Last Updated on: 1st julho 2024, 02:15 pm
O filme começa com uma linha. Essa linha é formada por duas outras ligadas em paralelo pela cor amarela que as preenche. À medida em que flui pela tela, a linha amarela se organiza escrevendo o título do curta: Pasta (Tomás Welss, 2010) – e é isso o que ela mesma representa. A linha longa do espaguete, depois de se desenrolar da escrita, ocupa o centro do quadro. O espaço branco em cena se expande, tomado por novas linhas que rabiscam uma sala, quase infinita sobre a tela alva, com uma porta que delimita um único limite espacial visível. No centro do cômodo, o espaguete, elástico, liga pela boca um casal sentado à mesa em um restaurante recém congregado, a configuração à la A dama e o vagabundo (1955) sonorizada com suspiros e ruídos salivares tão intensos que se aproximam do grotesco. Fome.
A brutidão, primeiro insinuada pelo som, entremeia-se na tessitura da cena pela convocação de outros fios – mais urgentes, menos precisos – que passam a riscar o espaço frenética e dinamicamente quando o espaguete vira objeto de um cabo de guerra entre as personagens. Os gemidos de prazer tornam-se grunhidos do esforço tresloucado pela cobiça de devorar a linha – nesse ponto, transmutada. Não mais macarrão: agora língua. O ambiente escurecido, tomado pela energia pulsional do apetite, espelha o peso e o horror sugerido pela banda sonora quando o que se desenha nesse mundo de rabiscos é a vontade antropofágica violenta. As bocas se doem quando a língua puxa para o lado oposto; o molho do macarrão é também sugestão de sangue.
A crueza brutal desse desejo primeiro, canibal e devorador, percebe prazer na disputa pela linha invencível, excitada pela dor e violência. O restaurante indefinido vira algo como um quarto de motel, desenham-se sapatos e gravatas flutuando em meio aos nós da língua-espaguete. O cabo de guerra agora é beijo – o tesão não mais pela linha, mas pela vontade de engolir um ao outro; os suspiros, esses de prazer, ecoando na cena sexual riscada no filme. A dinâmica das linhas desse universo se funda no balanço nessa corda bamba do desejo – de engolir e consumir aquele mundo.

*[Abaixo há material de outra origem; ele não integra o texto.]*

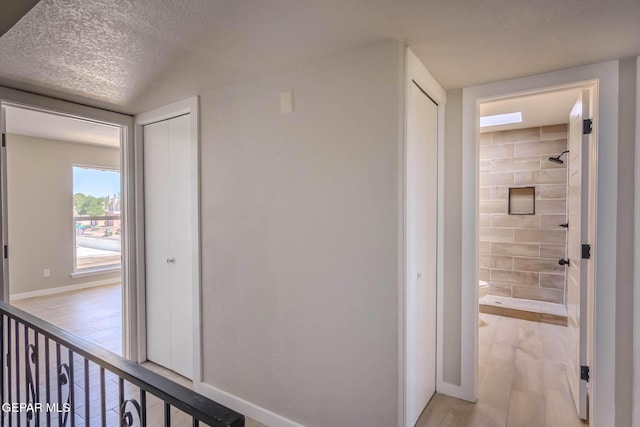 1721 Villa Santos Cir, El Paso, TX 79935 - hall featuring a textured ceiling, baseboards, and light wood finished floors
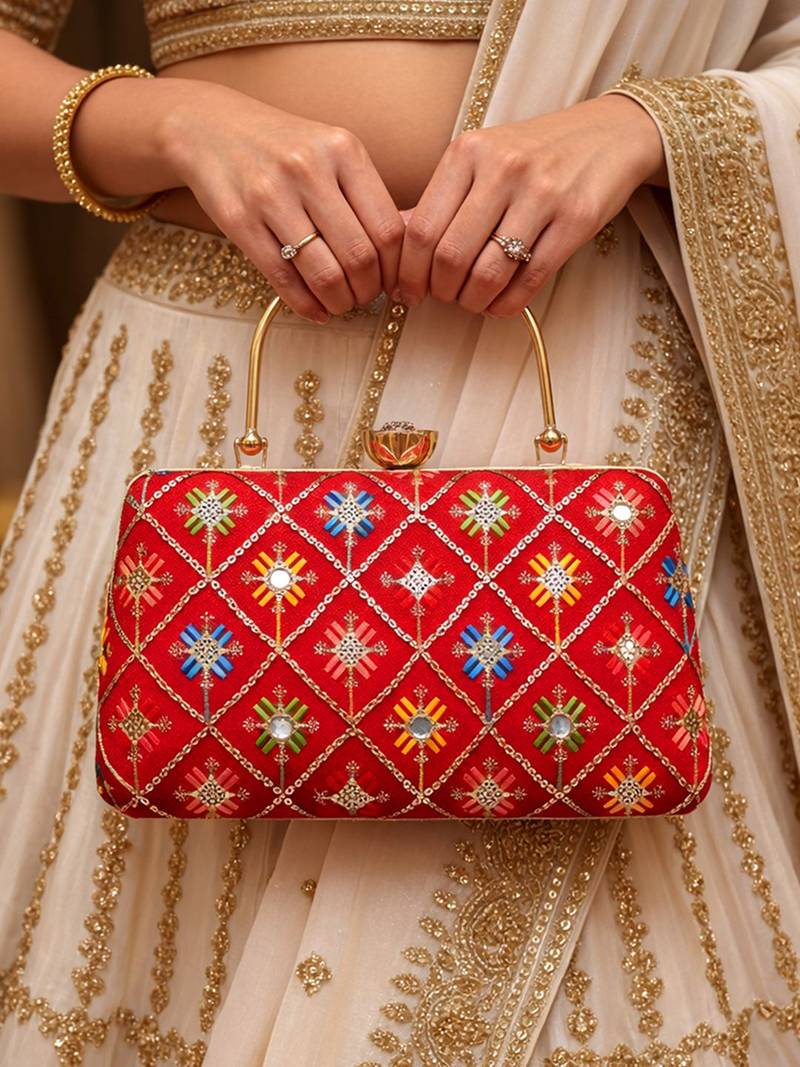 Red based sequins and threadwork embroidery clutch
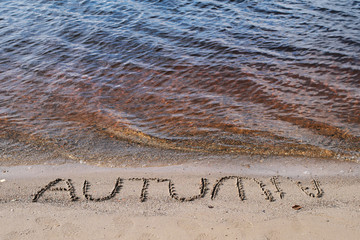 Word autumn written on sand background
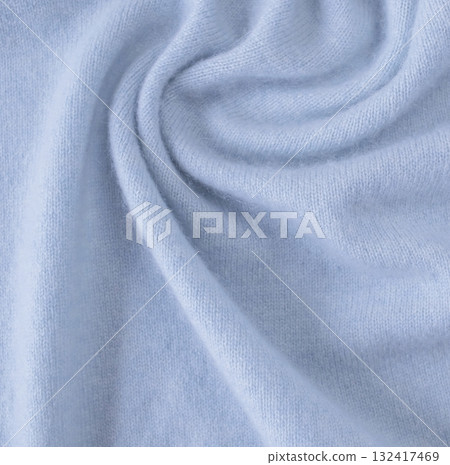 Blue cashmere fabric, textile is folded, knitwear texture, natural fabric, top view. Soft light blue fabric texture with soft folds. Blue cashmere fabric, textile is folded, knitwear texture, natural fabric, top view. Soft light blue fabric texture with soft folds. 132417469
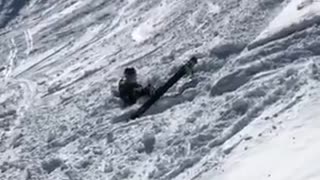 Guy back flips off small ledge on skis and lands face first into snow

Em outro filme da mesma sessão [Cineteca Nacional do Chile – Pérolas da Coleção], nomeado 15 mil desenhos (Carlos Trupp e Jaime Escudero, 1941), que parte de um universo animado apresentado já de pronto construído, inteiro e fechado – em um sentido de solidez e concretude – a abertura para a assunção do gesto de criação interpela o filme na metade: das imagens bem acabadas, com cenários elaborados em preto e branco que servem de fundo à caminhada das personagens que se movem com fluidez trabalhada pela tela, somos postos frente à uma folha de papel amassada pelo peso da mão que não vemos e que risca as linhas, a pontiagudez do grafite deslizando para rascunhar um quadrúpede.
Desenhado na mesma porção central de mais outras milhares de folhas de papel – algumas que deixam vazar os números anotados nas bordas, índice da organização desse trabalho manual – o quadrúpede incompleto e não-identificável ensaia os mesmos passos que os corpos bem delineados ilustram no espaço. A partir da organização das folhas em sequência, preenchidas com alguma exatidão pelas formas que se alteram minimamente uma frente à outra, somos levados a enxergar – e acreditar – que o animal caminha. O movimento é sugerido (logo, criado) por variações de frames por segundo, dobrando a operação do cinematógrafo sobre ela mesma. 15 mil desenhos, que carrega no título um marcador do volume do trabalho de criação de universos, tem sublinhada nas entranhas a receita do feitiço de animação: o gestaltismo que cria os gestos.
O movimento de assumir o funcionamento da máquina, que aproxima esses dois filmes separados temporalmente por sete décadas, sublinha isso que, no desenho animado, já está necessariamente posto à frente. O mundo animado não é o mesmo que o nosso – concreto, material (ainda que o animado também possa ser, em um sentido transversal a esse). As leis da física não se aplicam necessariamente à terra das linhas. Tudo é e não é de forma mais frontal, o truque assumido e colocado à frente pela qualidade própria das imagens rabiscadas. E tudo pode ser – o devir da linha, elevado ao infinito. As imagens se transformam livremente e a crença nas formas e figuras animadas tem no sangue a consciência da descrença no realismo delas mesmas.